Out, damned spot: wheat disease faces genetic nemesis

Wheat stem rust, an inexorable pathogen of Australia's wheat belt since 1925, is destined to be run over by the genetic equivalent of a four-decker bus.

A CSIRO Plant Industry research team, led by Dr Rohit Mago, has identified DNA markers tightly linked to four major stem rust resistance genes imported into the wheat genome from two primitive wheat varieties, and two of wheat's relatives: wheatgrass (Agropyron) and rye (Secale).

They are now working to create a single breeding line, homozygous for all four resistance genes.

It will be game over for stem rust (Puccinia graminis) -- any new cultivar bred from the quadruply protected line will be impervious to infection by any current or future stem rust strain.

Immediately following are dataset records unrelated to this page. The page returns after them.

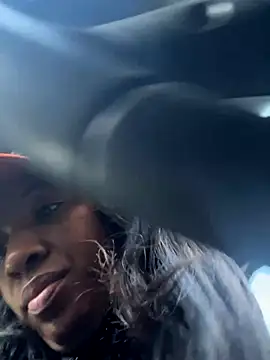 Iceblanca online show from December 1, 2025, 8:53 pm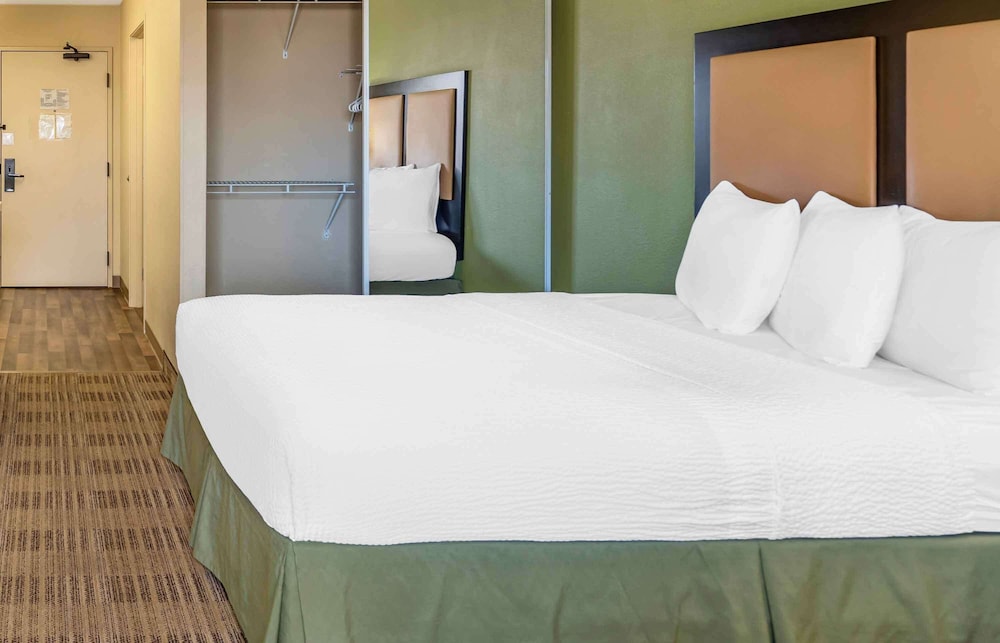 Extended Stay America - Chicago - Naperville - East 23/50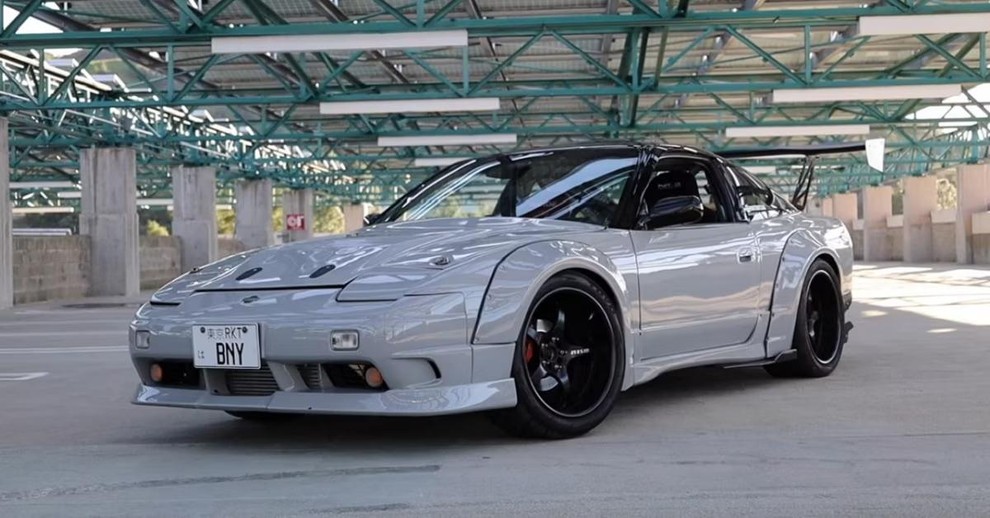 Nissan 240SX S13 (1993) Ko je govora o Nissanovih športnih avtomobilih, se le redki lahko primerjajo z ikoničnim Nissanom 240SX …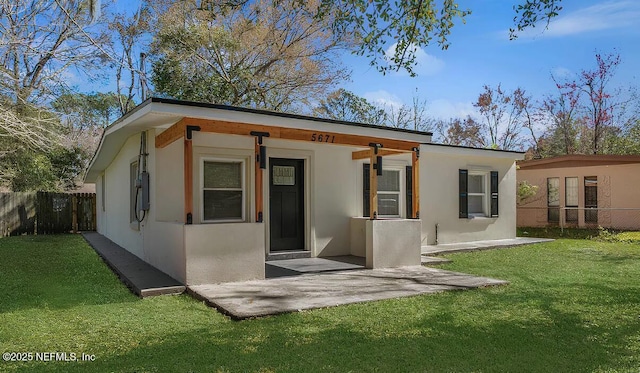 view of front of home featuring a patio area and a front lawn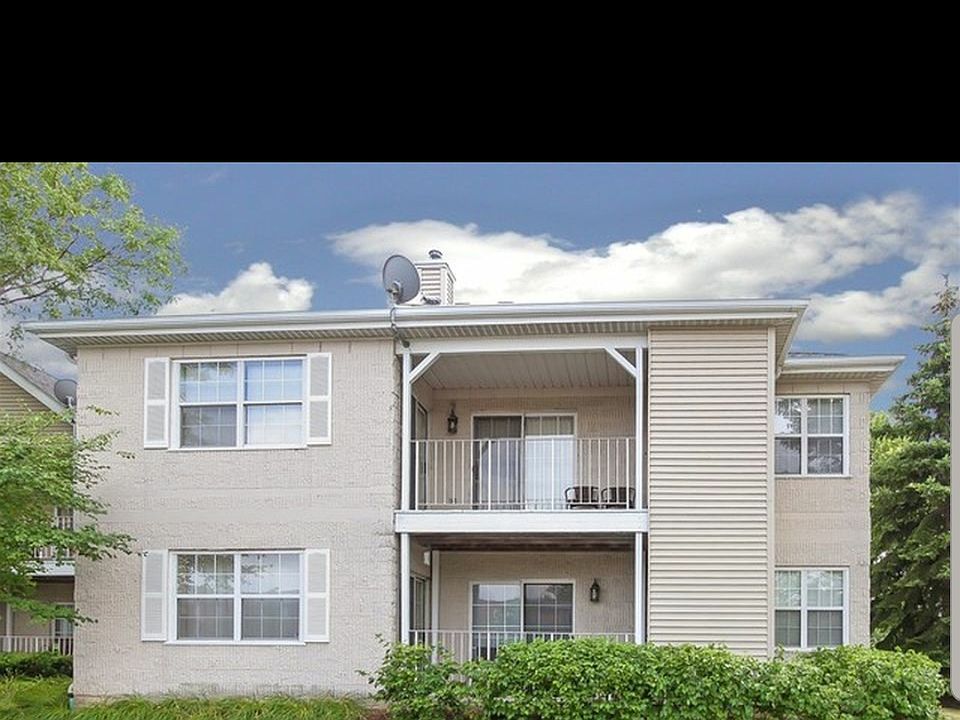 1st image of 798 N Gary Ave Unit 214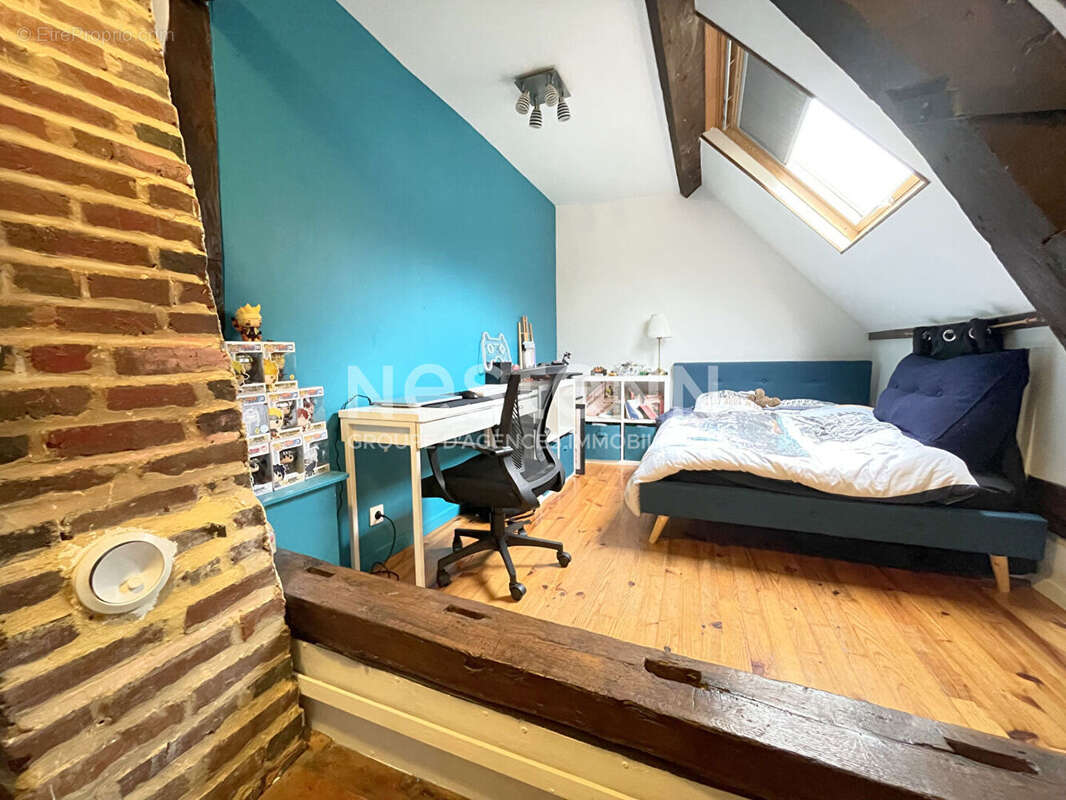 A VENDRE - Maison de charme à 10 min de CHAUMONT EN VEXIN - 4 chambres - 800 m² de terrain avec dépendance - photo 13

The four resistance loci -- Sr24, Sr26, Sr31 and SrR -- individually provide strong resistance to stem rust. Mago said Sr24 is already widely used in Australian wheat cultivars, which typically carry four to six resistance loci.

When Sr26 was imported, it came with a bunch of deleterious genes that reduced yield in resistant varieties.

Collaborating research groups, at the University of Adelaide's Waite Institute, and in the US, used repeated crosses and recombination events to 'prune' the imported chromosome segments to a bare minimum, while retaining the resistance genes.

Mago's team then developed new DNA markers for the pruned chromosome segments, so tightly linked to the Sr26, Sr31 and SrR loci that they virtually guarantee if a DNA marker is present, and so is the resistance gene it marks.

Each new resistance gene imposes intense selection pressure on the rust. In the pattern of the past eight decades, cultivars protected by Sr24 would eventually succumb to a 'breakthrough' mutant, forcing breeders to import a new resistance gene.

According to Mago, the rust will eventually win every battle in this style of serial, gene-for-gene combat. Any mutation that deletes or modifies the component of the rust that induces the resistance response leaves the plant vulnerable.

With another resistance gene like Sr26 to back up Sr24, the odds against two 'breakthrough' mutations occurring simultaneously in two genes in the same rust fungus increase enormously. With three genes the chances of breakthrough are effectively zero; a fourth resistance gene is overkill.

Mago said his team already developed crosses featuring Sr24 paired with Sr31 or Sr26, and will now cross these lines, with the aim of having its first quadruple-whammy cultivar ready for field testing in four years.

The CSIRO team is already moving to employ a similar strategy with the other two major rust pathogens of wheat: stripe rust (Puccinia striiformis), and leaf rust (P. triticina). The triumvirate of rusts cause total production losses averaging AUD$300 million annually in the Australian wheat industry.

Mago said the resistance genes -- more accurately, genetic loci tightly linked to as-yet anonymous genes conferring high-level resistance to rust -- have been identified over the past few decades by Canadian, Australian and European geneticists.

He said the precision of the new DNA markers will halve the time required to coalesce all four genes in a single cultivar. The simple presence of a DNA marker for each resistance gene will confirm the breeding line is resistant, without the need to expose it to rust infection.

The task of coalescing the full range of resistance genes for stem, strip and leaf rust could be completed even more rapidly with recombinant DNA technology, but Mago said public concerns with gene technology would preclude this approach for the time being.